El joven acababa de regresar con una bolsa surtida: antibióticos en cápsula y líquidos, calmantes, vendas, esparadrapos, puntos de sutura, jeringuillas, etc. Por suerte el herido era médico.

—Preguntaron si era para completar un botiquín de primeros auxilios del ejército. Debe de haber algún cuartel francés por aquí cerca.

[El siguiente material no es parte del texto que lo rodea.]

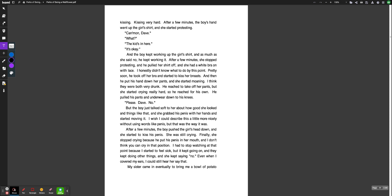Please, Dave, no. But the boy just talked soft to her about how good she looked and things like that, and she grabbed his penis with her hands and started moving it. I wish I could describe this a little more nicely without using words like penis, but that was the way it was. After a few minutes, the boy pushed the girl's head down, and she started to kiss his penis. She was still crying. Finally, she stopped crying because he put his penis in her mouth, and I don't think you can cry in that position.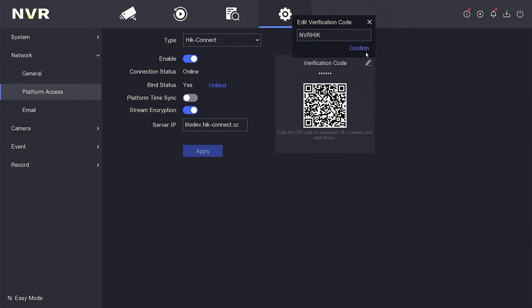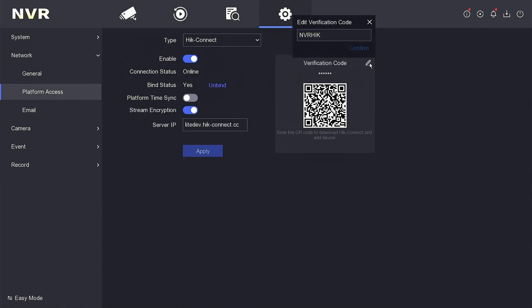After making the changes, click Confirm and then click Apply. Return to the Edit icon to ensure the changes are saved.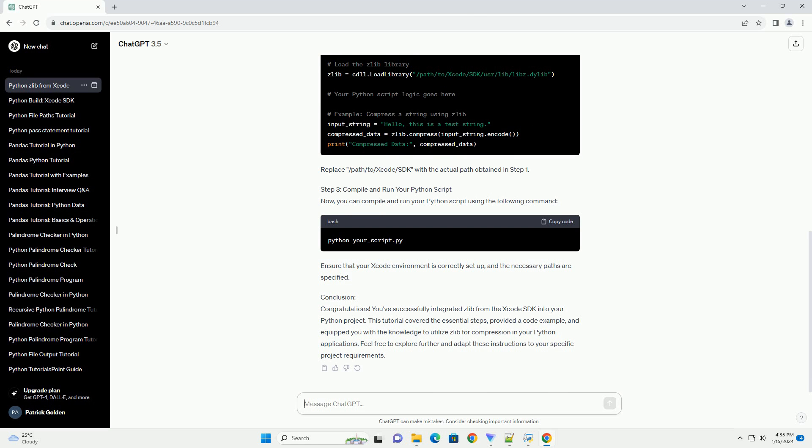Conclusion. Congratulations! You've successfully integrated Zlib from the Xcode SDK into your Python project. This tutorial covered the essential steps, provided a code example, and equipped you with the knowledge to utilize Zlib for compression in your Python applications. Feel free to explore further and adapt these instructions to your specific project requirements.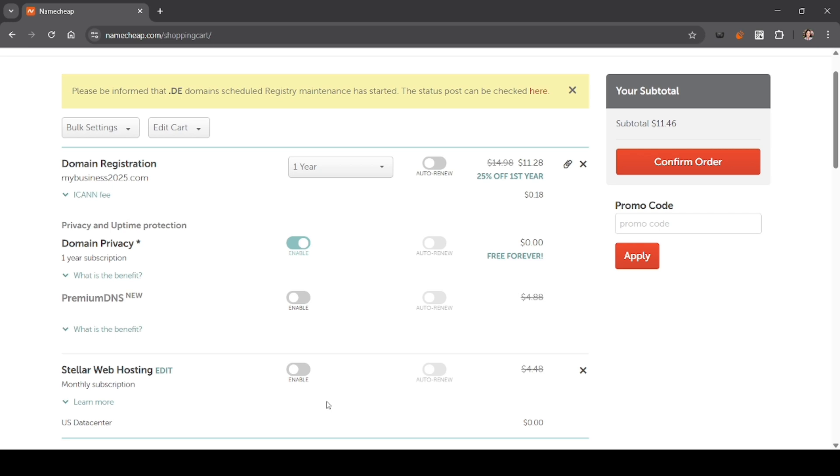If you don't have an account yet, you can click create account and fill out your details like email and password. Once done, you'll be taken to the checkout page.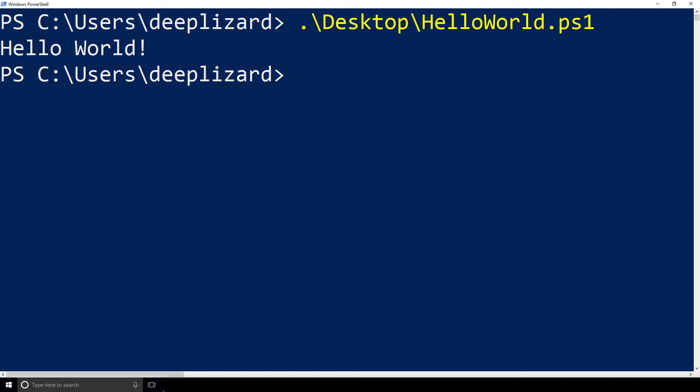This is very similar to what we saw before, only this time we're not interacting with the code and data directly — we are interacting with the program. So if our program was doing something more sophisticated, we would want the program to tell us where it is in terms of its execution. Programs execute line by line, and without messages written to the console, we would have no way of knowing where it is.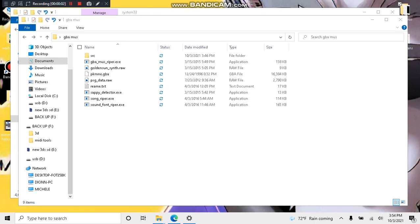Hello everyone, this guide is going to show you how to use the GBA Muse Ripper. The first thing you want to do is download and extract the program with your ROM.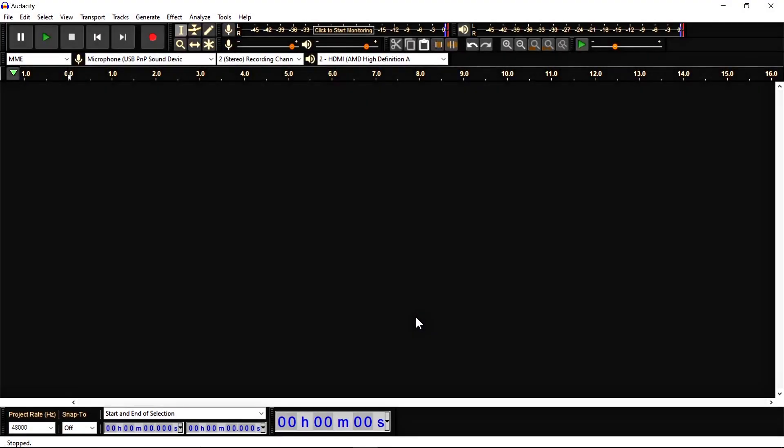Hello everyone and welcome to ATG. In this video, I am going to tell you the next effect of Audacity is Invert. And let's start here.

El médico tomó un par de calmantes y se los tragó sin agua. Después miró a Javier a los ojos.

—¿A qué te referías antes?

—¿Antes?

—Cuando decías que había mucha gente trabajando.

El joven carraspeó y guardó silencio, daba la impresión de que no se atrevía a hablar.

—Responde Javier.

Javier le observaba como si tratara de averiguar hasta qué punto podía abrirse al médico. Se acarició la mejilla izquierda, donde exhibía una leve magulladura, nada importante, suspiró ruidosamente y comenzó.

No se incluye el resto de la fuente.